* [RECORDS TO PROCESS]:
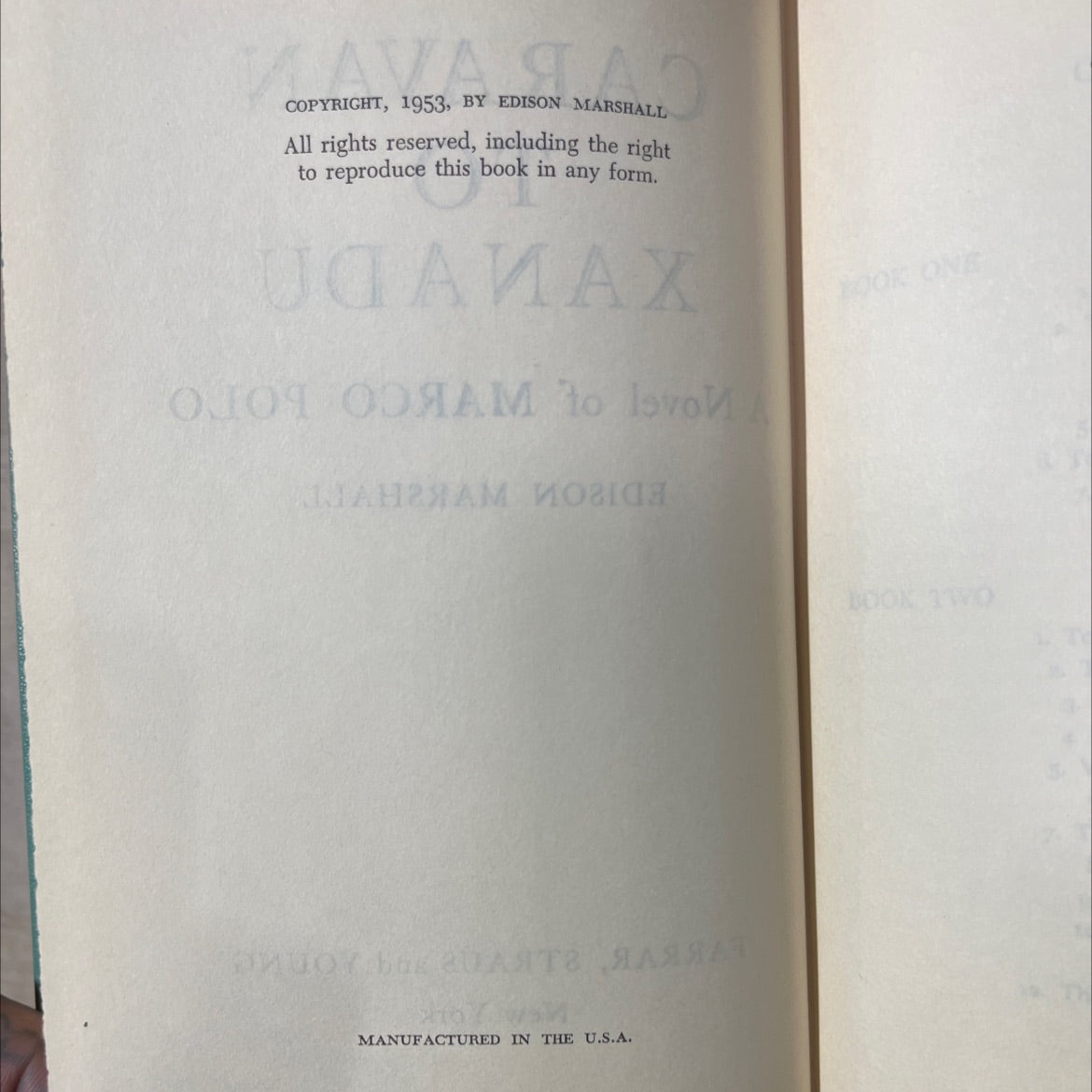 caravan to xanadu a novel of marco polo book, by edison marshall, 1953 Hardcover image 3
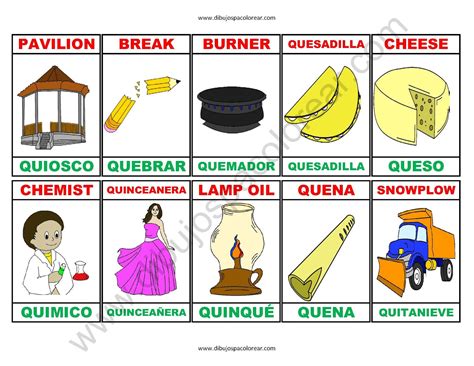 Memorama A Color Español Ingles De La Letra Q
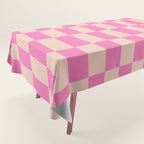 Pink Pop Checkered Grid Tablecloth Gallery Image 1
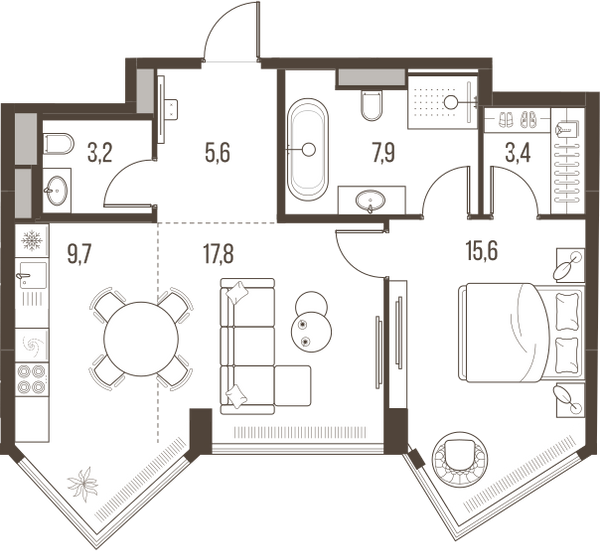 Планировка: 2-комнатная квартира, 63,2 м²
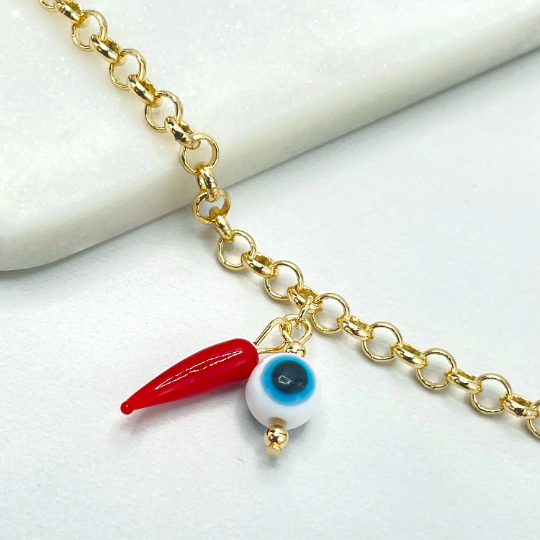 18k Gold Filled 4mm Rolo Chain with Dangle Red Chili Pepper & Classic White Blue Evil Eye Charms Bracelet, Wholesale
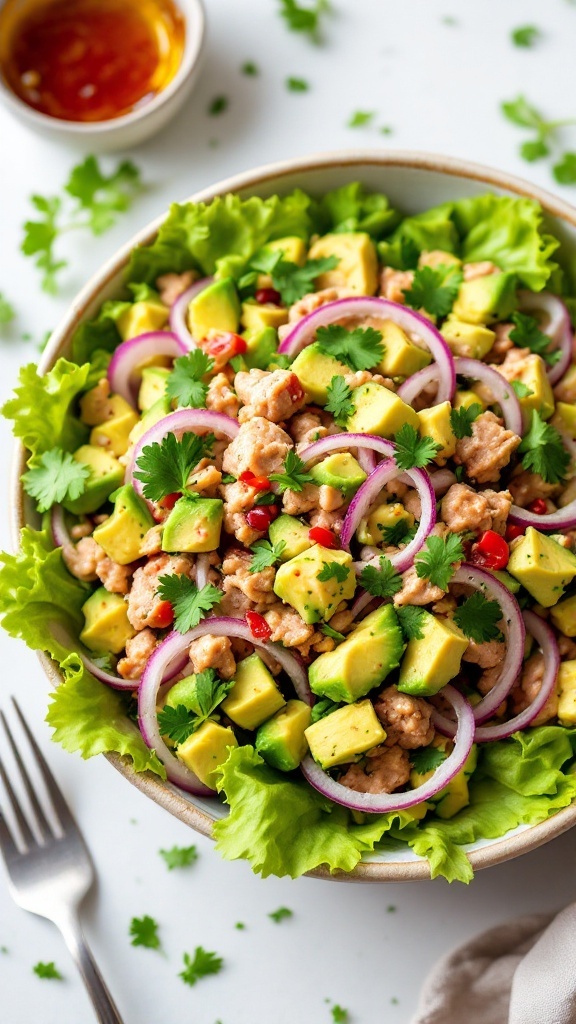 A bowl of Avocado Tuna Salad with fresh ingredients and garnishes.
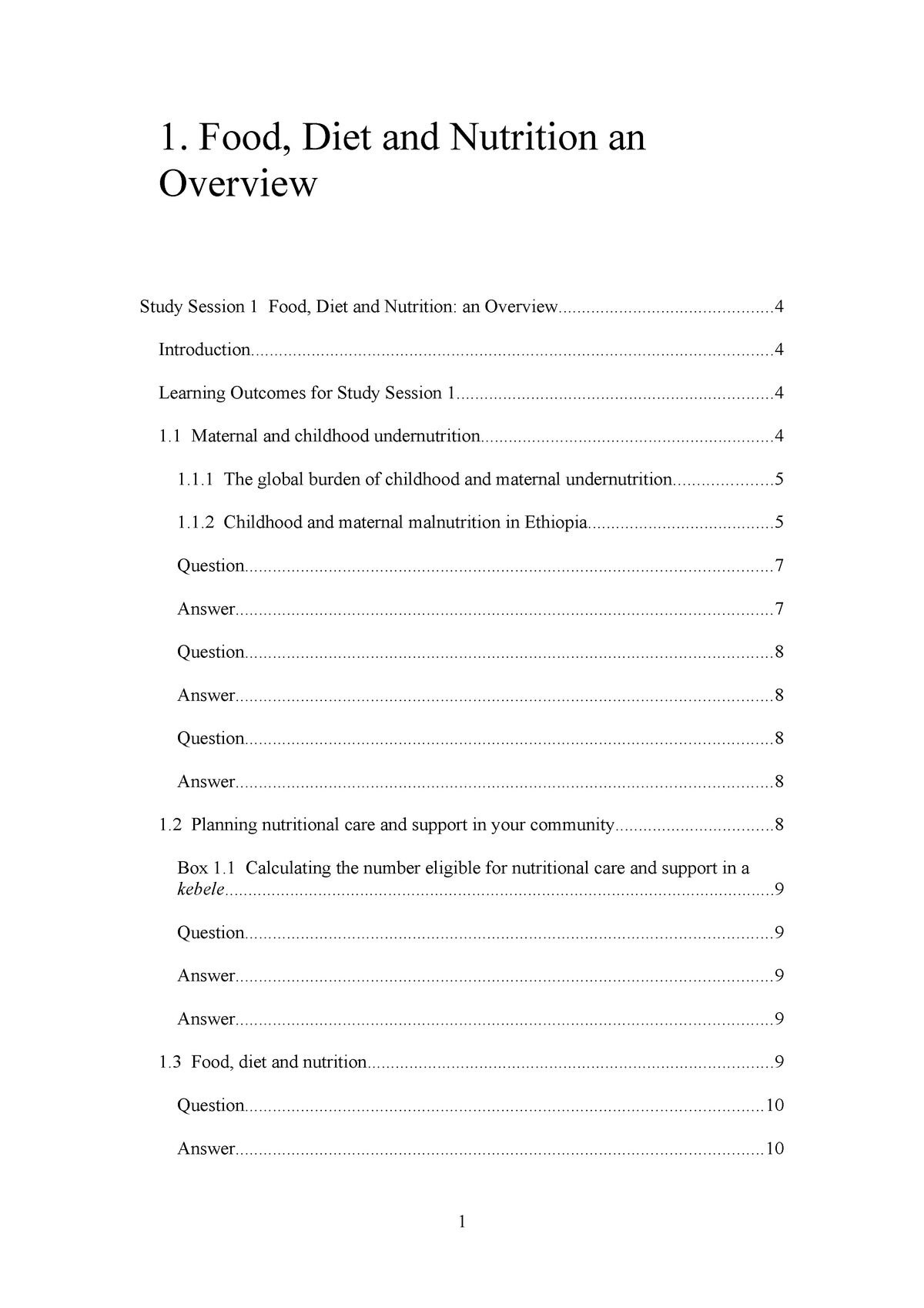 1 - 1. Food, Diet And Nutrition An Overview Study Session 1 Food, Diet ...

* [EXERCISE DESCRIPTION]: Quote every record above exactly, leaving out the pictures.

* [ANSWER FOR THIS EXERCISE]:
 caravan to xanadu a novel of marco polo book, by edison marshall, 1953 Hardcover image 3
 Memorama A Color Español Ingles De La Letra Q
 Pink Pop Checkered Grid Tablecloth Gallery Image 1
 Планировка: 2-комнатная квартира, 63,2 м²
 18k Gold Filled 4mm Rolo Chain with Dangle Red Chili Pepper & Classic White Blue Evil Eye Charms Bracelet, Wholesale
 A bowl of Avocado Tuna Salad with fresh ingredients and garnishes.
 1 - 1. Food, Diet And Nutrition An Overview Study Session 1 Food, Diet ...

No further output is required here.